Как я попал сюда?.. Нет, «сюда» — неточное слово, оно все-таки обозначает место, точку в пространстве, а с ней все более-менее ясно: приковылял на своих полутора сквозь проходной двор, потеряв по пути одно-единственное измерение. После всех тех вольностей, что я позволял себе последнее время со временем (люблю махровые тавтологии и плеоназмы бескорыстной писательской любовью), рано или поздно нечто подобное должно было произойти.
В этом городе, с его стойкой репутацией мистического — я не верю ни в какую мистику, но ведь те, кто верит, списывают на ее счет физические процессы, которых не могут иначе пояснить: в частности, все то, что каким-то боком касается времени, величины непостижимой для большинства… В городе, где тонкие связи еще тоньше, вибрации сложнее, причудливее изгибы полей, не столь однозначны древние взаимоотношения между «здесь» и «сейчас».
К тому же я, чего теперь скрывать и удивляться, сам этого хотел.
Очутиться вне времени. Снаружи — и посмотреть.
Я привык находиться вне. Сторонний наблюдатель жизни, объективный и безжалостный именно в силу своей невключенности ни во что: от литературной тусовки с ее сложными внутренними течениями и запутанными перекрестными связями — и до общественно-политической жизни страны. Не выше этого, а просто вне, снаружи, на определенном расстоянии, потому что так лучше видно и легче понять. Единственное свое, родное и внутреннее, я создал сам — это моя семья, и не будем сейчас о ней.
И еще мое время. С ним я давно договорился, выработал свои правила, нарастил себе капсулу-хронос, невидимую снаружи, но действующую безотказно в обе стороны; на ускорение, конечно, чаще, таков основной закон жизни: сначала стремиться успеть и только потом — продлить, тут я особенно не отличаюсь от своих героев и окружавших меня прежде обычных людей. Но мне хотелось большего. Хотелось понять и препарировать его целиком — самое неуловимое и неподвластное… стоп-стоп-стоп, о власти речь не шла! — только понять, а для этого увидеть со стороны привычно настроенным объективным и безжалостным глазом. Извне. Вот так.
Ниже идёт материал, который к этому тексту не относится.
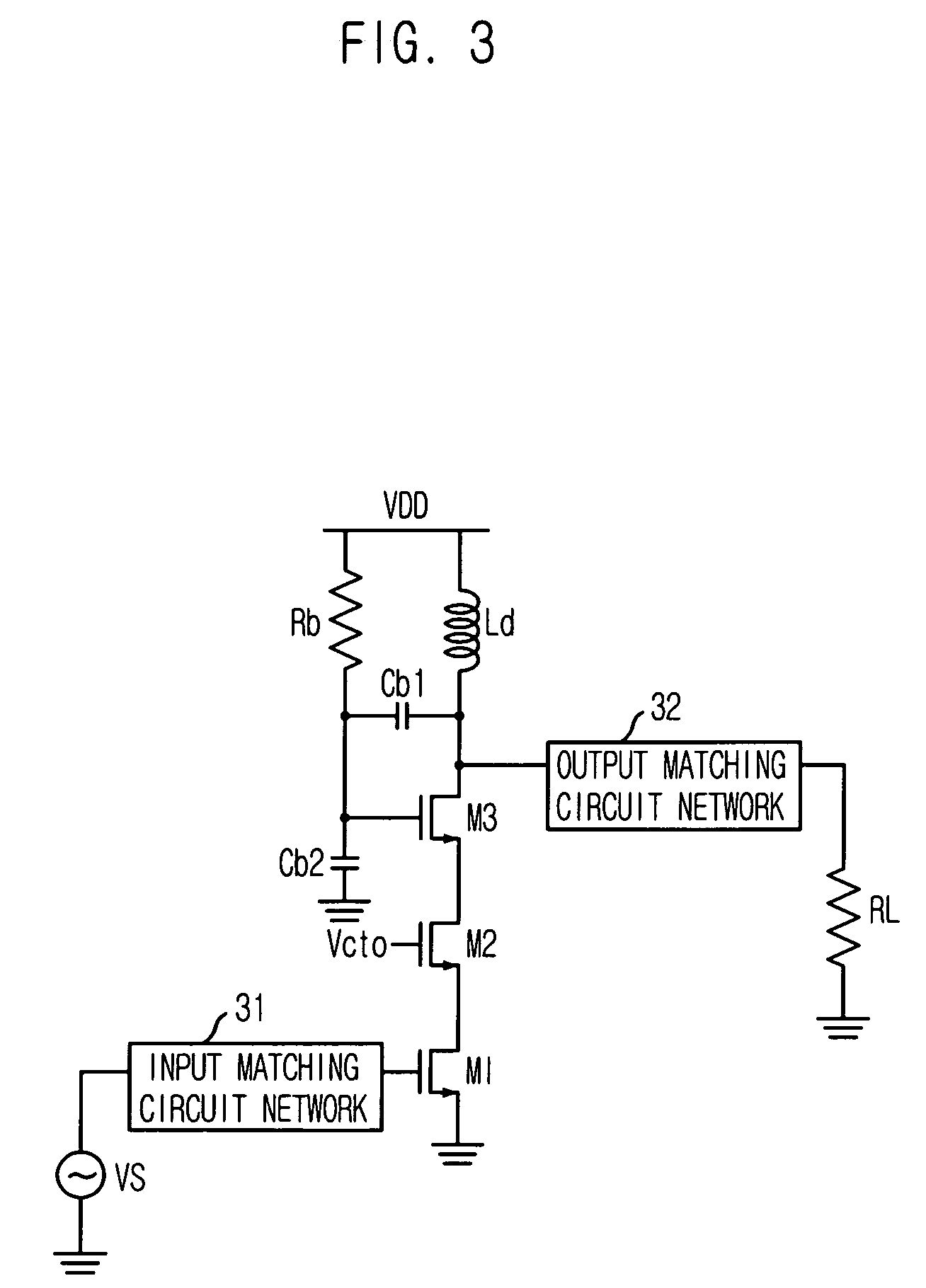 Triple cascode power amplifier of inner parallel configuration with dynamic gate bias technique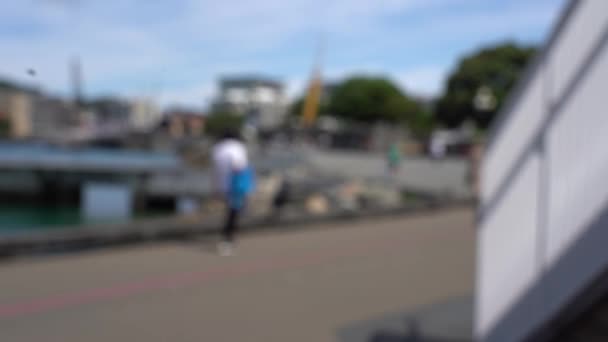 Blur Video Street View Wellington Centrum Nya Zeeland — Stockvideo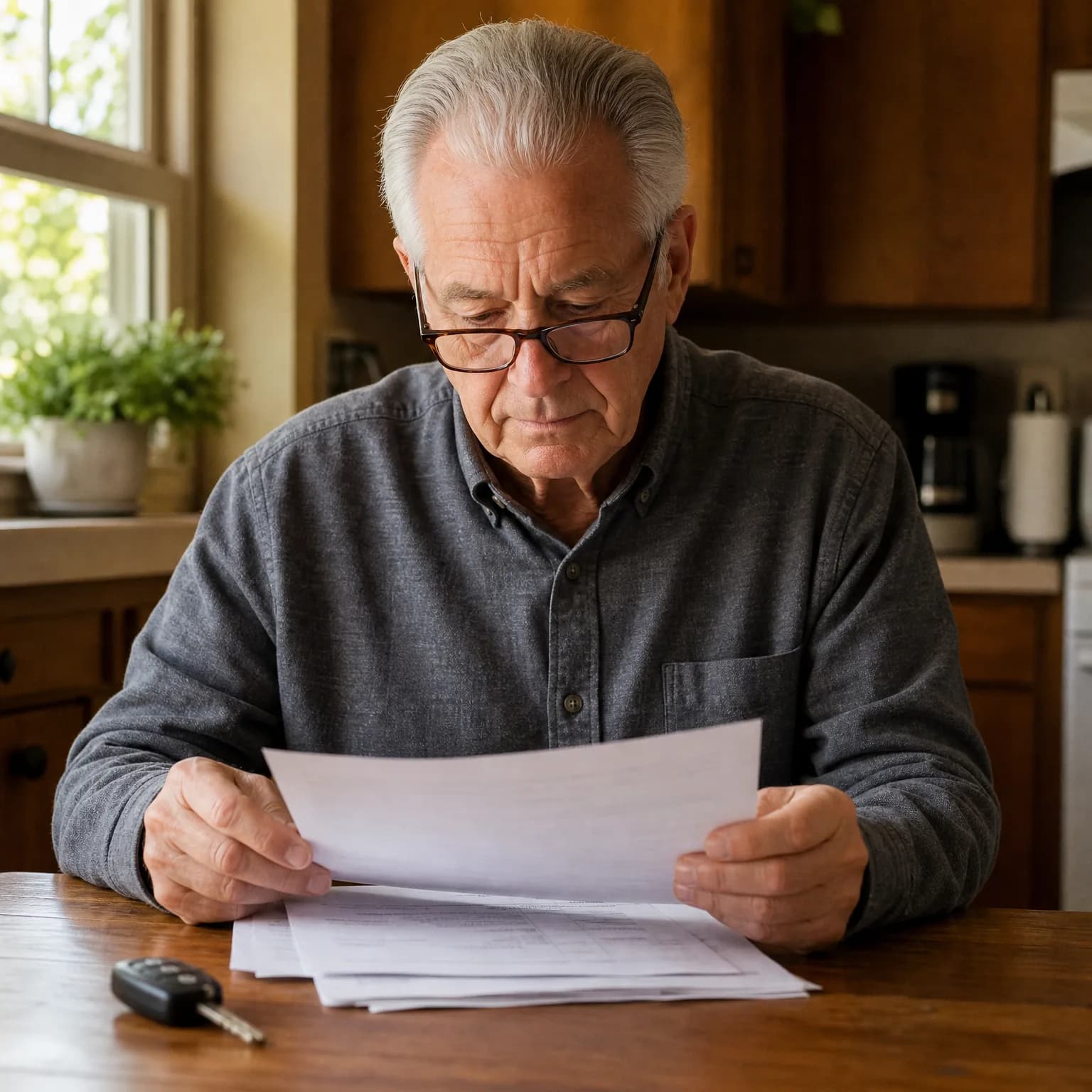 An older man with glasses and a gray button-up shirt sits at a wooden kitchen table reading printed documents, with more papers and a car key fob on the table.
Я всегда получаю то, чего хочу. Не столь уж важно, каким именно образом это происходит, но происходит всегда, я давно заметил.
Только эти слова перешли в разряд контрафактных — «всегда» и «давно».
*
Самым странным оказалось ошеломляющее отсутствие внутреннего хронометра. Бессмысленность вопроса о прошедшем времени не желала укладываться в сознание — а ответа не было, не было вообще.
Человеческая мозаика перетекала вокруг, словно в калейдоскопе, наслаивались отпечатки времен, зыбко подрагивали условно-вечные декорации, и понять хоть что-то было категорически невозможно. Угол зрения, точка опоры и отсчета — все это исчезло вместе со временем. Андрей будто очутился в безвоздушном пространстве, в невесомости, беспомощно двигая руками и ногами и бесцельно озираясь вокруг. Тотальная неопределенность, густая и текучая, словно коллоидная взвесь, давила на мозг, и глухо заныл затылок, и то и дело приходилось смаргивать, наводя резкость. В тупом болезненном тумане растворялись интерес и новизна; произошла ошибка, что-то гранично важное не было учтено, и надо бы аккуратнее формулировать желания с их тенденцией сбываться в буквальном виде. Вне времени — и что?
Для постижения чего-либо, для самого беспристрастного стороннего наблюдения все же необходимы какая-то включенность, сцепление, общая система координат — безвременье отменило ее одним щелчком, так обесточивают на подстанции целый жилой массив, не заботясь о том, что какой-то отдельно взятый человек в квартире на шестнадцатом этаже останется в темноте и не допишет начатую фразу. Кто любил порассуждать о вневременной сущности настоящей литературы? — вот и смотри, как оно выглядит на самом деле. Смотри, потому что больше ты, писатель, не способен (опускаем неверное слово «теперь») ни на что.